Recorded information: Begin

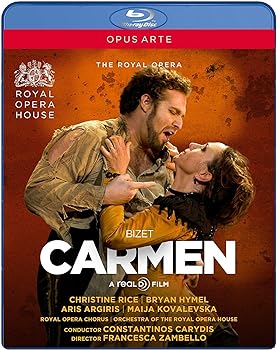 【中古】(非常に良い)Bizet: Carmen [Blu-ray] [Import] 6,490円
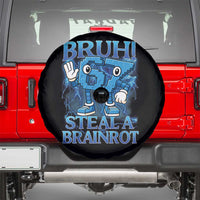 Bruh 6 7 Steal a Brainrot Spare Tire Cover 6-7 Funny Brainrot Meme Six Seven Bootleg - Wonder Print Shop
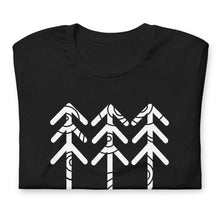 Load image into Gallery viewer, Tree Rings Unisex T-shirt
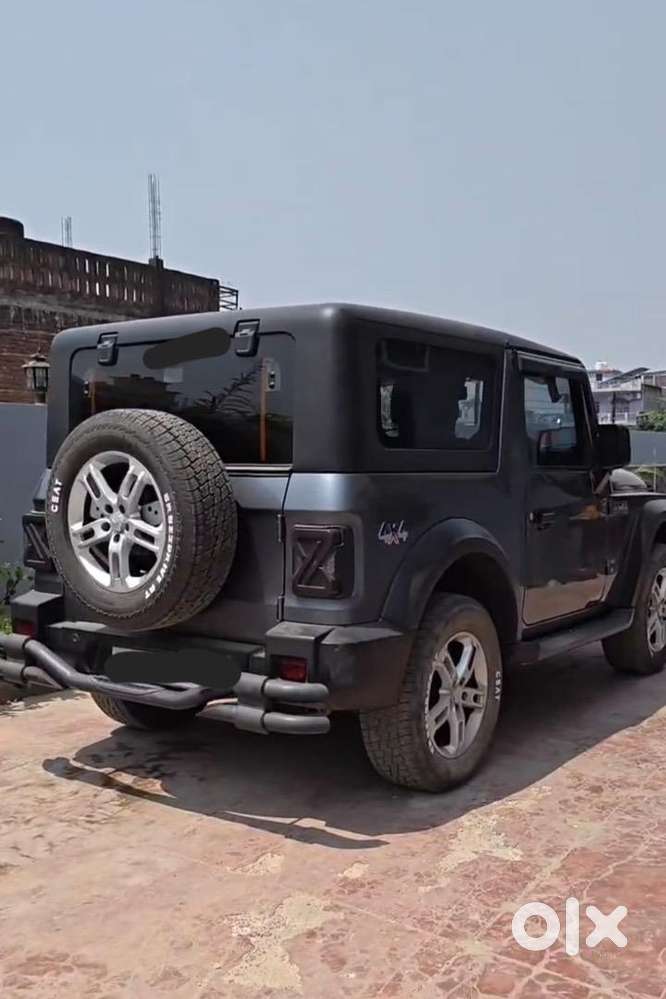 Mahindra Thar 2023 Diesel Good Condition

Recorded information: End

__What is expected__
Please reproduce verbatim the lines from the line with "Bruh 6 7 Steal" through the final line of the listing, inclusive of both ends. Omit all pictures.

__Response area__
 Bruh 6 7 Steal a Brainrot Spare Tire Cover 6-7 Funny Brainrot Meme Six Seven Bootleg - Wonder Print Shop
 Load image into Gallery viewer, Tree Rings Unisex T-shirt
 Mahindra Thar 2023 Diesel Good Condition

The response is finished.